中文摘要：

采用滑动裂纹模型并结合现有张开斜裂纹的Ⅰ型分支裂纹扩展特性的研究成果，研究了闭合斜裂纹的Ⅰ型分支裂纹的渐近扩展特点，结果表明：1）闭合斜裂纹的Ⅰ型分支裂纹路径的渐近线为平行于最大主应力的一条直线，并得出了渐近线方程；和张开斜裂纹的翼型裂纹不同，闭合斜裂纹的翼型裂纹路径的渐近线不一定过初始裂纹中心点，该渐近线位置与初始裂纹面的摩擦系数、初始裂纹长度及初始裂纹角有关：2）闭合斜裂纹的Ⅰ型分支裂纹的扩展路径可以近似采用双曲线描述，并得出了描述Ⅰ型分支裂纹扩展路径的方程。采用ABAQUS二次开发对闭合斜裂纹的分支裂纹的扩展过程进行了数值模拟，并采用数值模拟和现有试验相结合的方法验证了以上结论的正确性。

英文摘要：

Based on the sliding-crack-model and the previous study on the wing crack of the open flaw under compression, the propagation characteristics of the wing crack from the closed initial flaw is studied. Then some conclusions are drawn as the following： 1） With the propagation of the closed flaw, the wing crack path is gradually close to the line, which is parallel to the direction of the most compressive stress, called by the asymptote of the wing crack path. Then the asymptote equation is determined in the paper. Compared with the open flaw, the asymptote of the wing crack from the closed flaw does not pass though the center point of the initial flaw, and its location is related to the initial flaw length, the initial flaw inclination angle and the friction coefficient of the flaw surfaces. 2） Owing to the asymptotic characteristics, the propagation path of the wing crack can be described by a hyperbolic equation approximately, and the hyperbolic equation is determined in the paper.
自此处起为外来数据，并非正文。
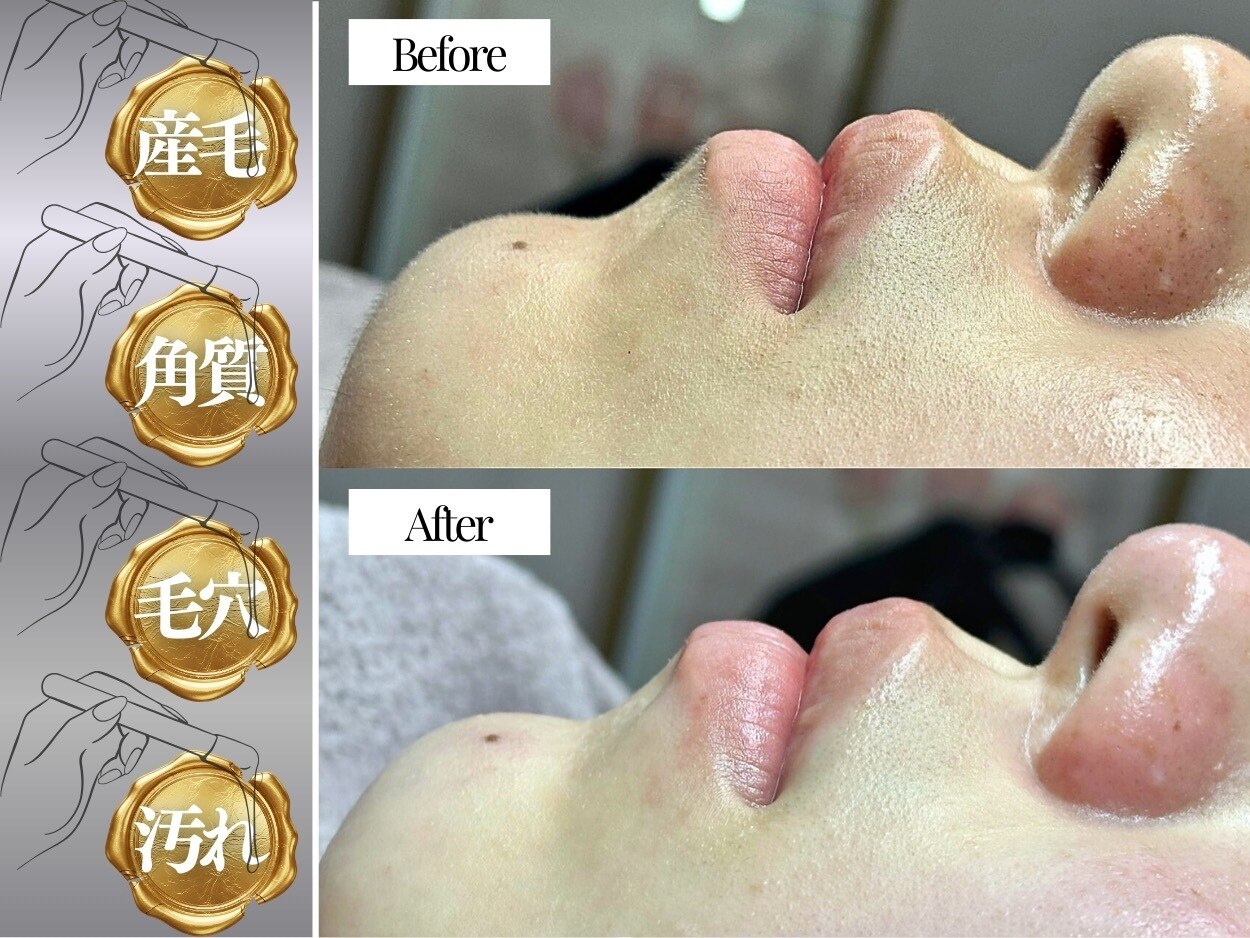 ホワイトワックス 浜松店(WHITE WAX)｜ホットペッパービューティー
Furthermore, the propagation characteristics of the wing crack are analyzed by the secondary development of ABAQUS. Then the comparative analysis on the propagation loading and path is made by the hyperbolic equation, by the numerical simulation and by the experiments, and the results show the propagation loading and path by the hyperbolic equation are in concordance with those by the numerical and experimental results, which shows the validity of the results in the paper.